Es esta una época de regresiones y hartazgos, en la que se disuelven incluso los pequeños relatos que quedaban de la vieja modernidad. Una reconfiguración geopolítica sin precedentes impide aventurar el devenir del mundo. La gran pregunta que surge, en medio de tanta incertidumbre, tiene que ver entonces con el amor, en cuanto concepto cultural, fuerza estructuradora de vínculos y código de comunicación y confianza. Quizá por esa conciencia de nuestro tiempo Anora (2024), película escrita y dirigida por Sean Baker, ha logrado la aclamación y cinco premios Óscar.

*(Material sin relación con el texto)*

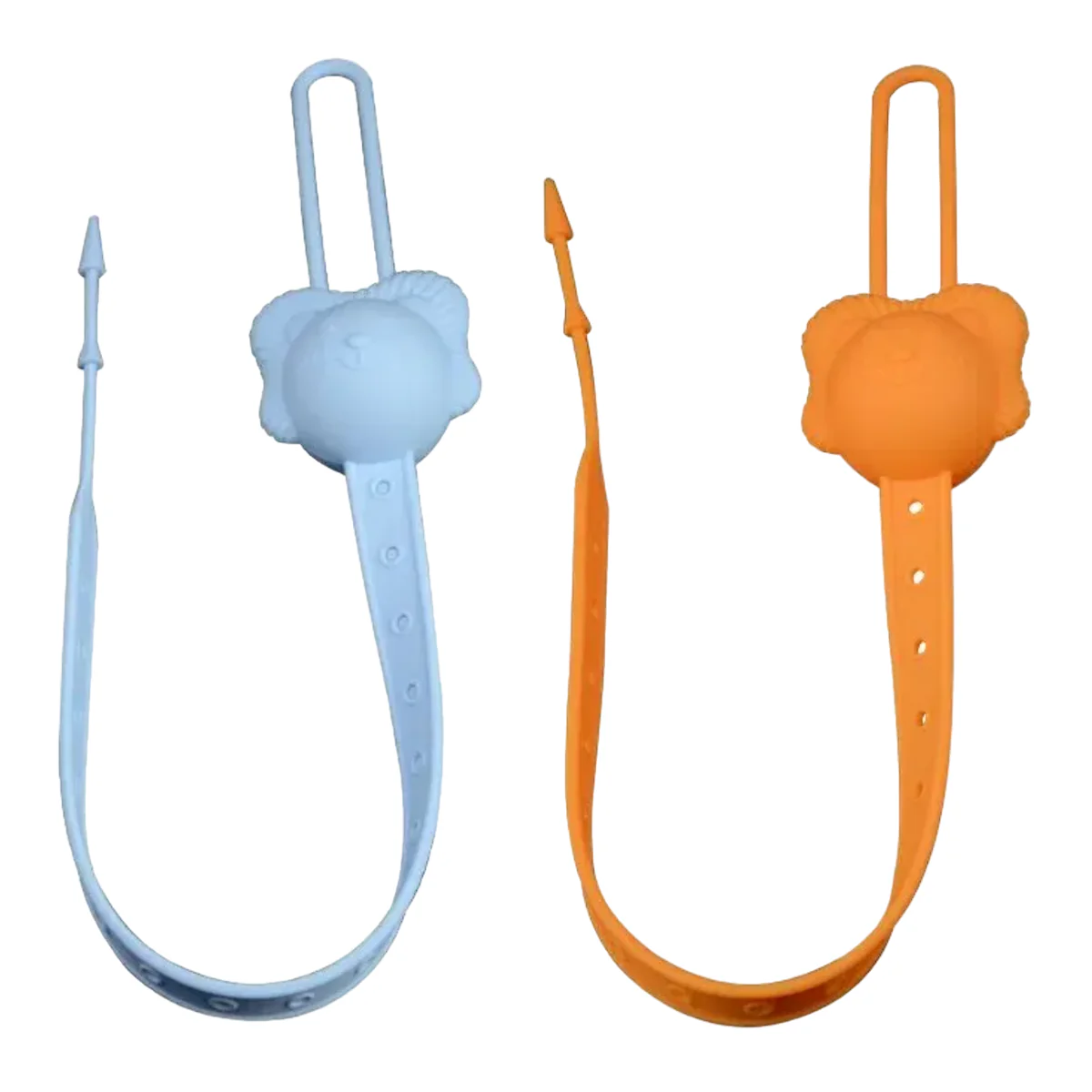 Siliconen Speenkoord / Toy Strap ‘Leeuw’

La premisa: el hijo de 21 años de un oligarca ruso contrata a una bailarina erótica de Brooklyn para servicios sexuales y, ante la realidad de la química, le propone contraer matrimonio a fin de alcanzar él un estatus migratorio que le permitiera seguir en Estados Unidos, despilfarrando el dinero de su padre. Por supuesto, la manera de plantear esta estrategia es otra. Es el amor, con sus mitologías, como lo evocaría Borges. El lugar común funciona: un príncipe azul, que encarna la idea de abundancia y opulencia, salva a la mujer sin suerte, precaria, sola, proletaria, hija de una familia disfuncional que ha debido vender su cuerpo para sobrevivir. Un cuento de hadas, del que Ani o Anora no tarda en despertarse.

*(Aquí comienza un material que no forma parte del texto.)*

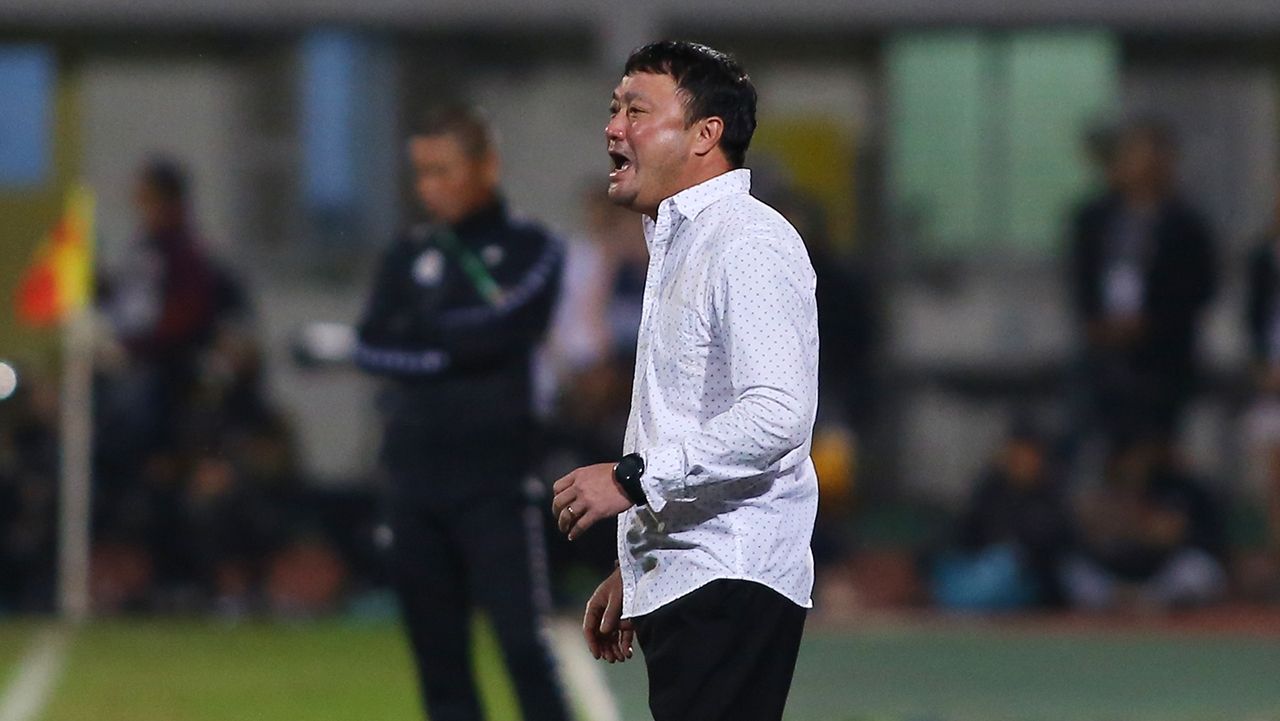 Truong Viet Hoang | Viettel | V.League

La película, por cierto, alude a las formas de aproximarnos a la idea del amor en el marco de esta sociedad (mundial y local) del cansancio, que vuelve casi a ciegas a reproducir la hacendataria estructura de castas, aquella que imperaba antes que las luchas por los derechos. Los hijos de las élites no se casan ni hacen su vida con mujeres de las clases populares, solo juegan con ellas. Las utilizan como sus costosas prendas de vestir y luego las botan. Y no se disculpan, pues no tiene valor alguno la falsa ilusión o el tiempo perdido de la masa obrera. Si algo nos deja en claro la película es que las élites no se disculpan, nunca.

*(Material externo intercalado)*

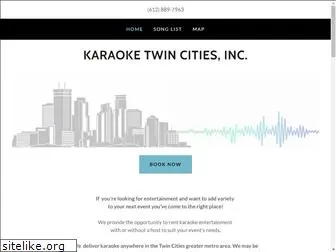 karaoketwincities.com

Y no solo que los conceptos modernos, como la dignidad de los seres humanos y el mismo Estado de derecho, pasan por una época de mala prensa, sino que en la práctica no existen cuando se contraponen al poder de las oligarquías. Anora quisiera que la justicia la proteja, tras el engaño y la presión para anular el matrimonio, en el que ella sí creyó, pero no puede. No tiene posibilidad de enfrentarse al poder del dinero. Debe aceptar una leve compensación económica y desaparecer. Y tal como va la psicología social de nuestros tiempos, dirán que la culpa es de ella por arribista y aspirar a algo que no le corresponde ni que merece. La sociedad de castas en su apogeo.

La película, sin embargo, nos recuerda algo fundamental sobre el ser humano: somos cuerpos. Y en cuanto cuerpos, somos experiencias, lenguajes, historias tristes o felices, placer físico, emoción. La forma más sabia de enfrentar al mundo es regresar al cuerpo que tenemos, con sus cicatrices, su realidad y su memoria. Si el capital cosifica al cuerpo, el afecto lo redime. La consciencia del cuerpo y de los afectos es una experiencia política y, por tanto, de resistencia. Algo de verdadero amor, quizá, hay en estas posibilidades. (O)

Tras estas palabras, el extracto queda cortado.